This is an adapted form of the sermon I preached on December 3, 2023, the First Sunday of Advent. The text I preached on was Isaiah 64:1-9. You can view a video of the sermon here.
Advent is a season of waiting. Waiting. Waiting. It’s December now, but in the church, it’s not Christmas yet – that doesn’t come until sunset on December 24. First, we have four weeks of waiting. Waiting. Waiting. And sometimes in the church it feels like capricious and arbitrary waiting. Like a mother slapping our hand at the cookie jar. Oh, oh, oh! No cookies yet! Oh, oh, oh! No Christmas carols yet in church!

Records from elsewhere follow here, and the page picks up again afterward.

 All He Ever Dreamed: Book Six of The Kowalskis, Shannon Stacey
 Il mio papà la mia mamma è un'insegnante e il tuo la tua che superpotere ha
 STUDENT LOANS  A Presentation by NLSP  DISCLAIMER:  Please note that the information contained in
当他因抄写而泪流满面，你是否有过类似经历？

That’s how Advent comes across sometimes. But it’s not meant to be like that. It’s meant to be a different kind of waiting. A longing. A yearning. A yearning that we feel in our bones. It’s the kind of yearning that brings people to attend a monthly healing service like the one we have today after worship. More on that in a minute. It’s the kind of yearning the prophet Isaiah proclaimed in our first reading today. More on that in a minute. It’s the kind of yearning found in my favorite Christmas movie, It’s a Wonderful Life. More on that now.
It’s a Wonderful Life is a story of yearning, the yearning of a man named George Bailey. Growing up in the little town of Bedford Falls in the 1920s, George yearned to travel the world, to get out of Bedford Falls, and see everything there was to see. When he was 18, he was ready to fulfill his dream. He had saved enough money, and was all set to tour the world before starting college. But just before he left, George’s father, the president of the Building and Loan in town, died. The villain of the movie, Mr. Potter, wanted to use this as an opportunity to shut down the Building and Loan, but the board of directors of the bank voted to keep it open under one condition – if George would take over. So George canceled his trip. He gave all his vacation and tuition money to his brother Harry, with the expectation that when Harry graduated, he would take over the bank, and then George would travel.

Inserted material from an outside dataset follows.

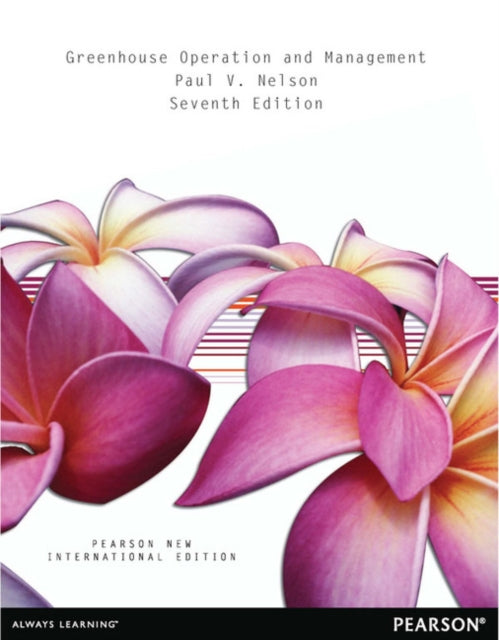 Book cover of: Greenhouse Operation and Management. By: Paul V. Nelson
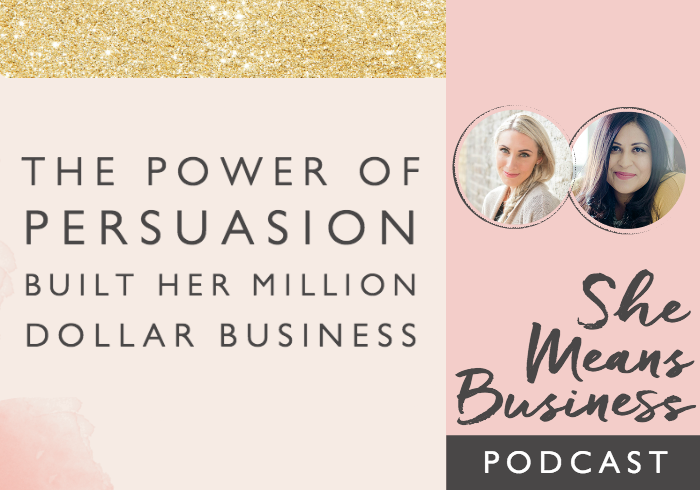 The Power of Persuasion Built Her Million Dollar Business – Bushra Azhar [PODCAST]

For the next four years, George still yearned to get away. But it didn’t work out that way. When Harry graduated from college, he had a lucrative job offer from his father-in-law, and George insisted that he take it. So George continued to stay in Bedford Falls.

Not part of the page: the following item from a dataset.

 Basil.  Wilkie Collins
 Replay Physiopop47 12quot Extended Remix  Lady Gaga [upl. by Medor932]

Eventually he fell in love and got married, and he was so excited to be able to finally travel, if only for a honeymoon. But the night of his marriage, there was a bank run on the Building and Loan – it was the Great Depression after all – and George and his new wife Mary used their honeymoon money to keep the bank solvent.
Over and over, George’s plans to travel were thwarted. His yearning only grew stronger – and he never did travel out of Bedford Falls. And yet, It’s a Wonderful Life has a happy ending. George’s yearning was fulfilled in the end, but not at all the way he expected. I’ll come back to that.
Let’s look now at the reading from Isaiah. Isaiah proclaimed in beautiful poetry the yearning of the Israelite people. Listen again to some of his words:
We all fade like a leaf,
and our sins, like the wind, take us away.
7There is no one who calls on your name,
or attempts to take hold of you;
This is how the people of Israel were feeling – fading like a winter leaf, blown away on the wind, isolated, alone. Isaiah also wrote this:
3When you did awesome deeds that we did not expect,
you came down, the mountains quaked at your presence.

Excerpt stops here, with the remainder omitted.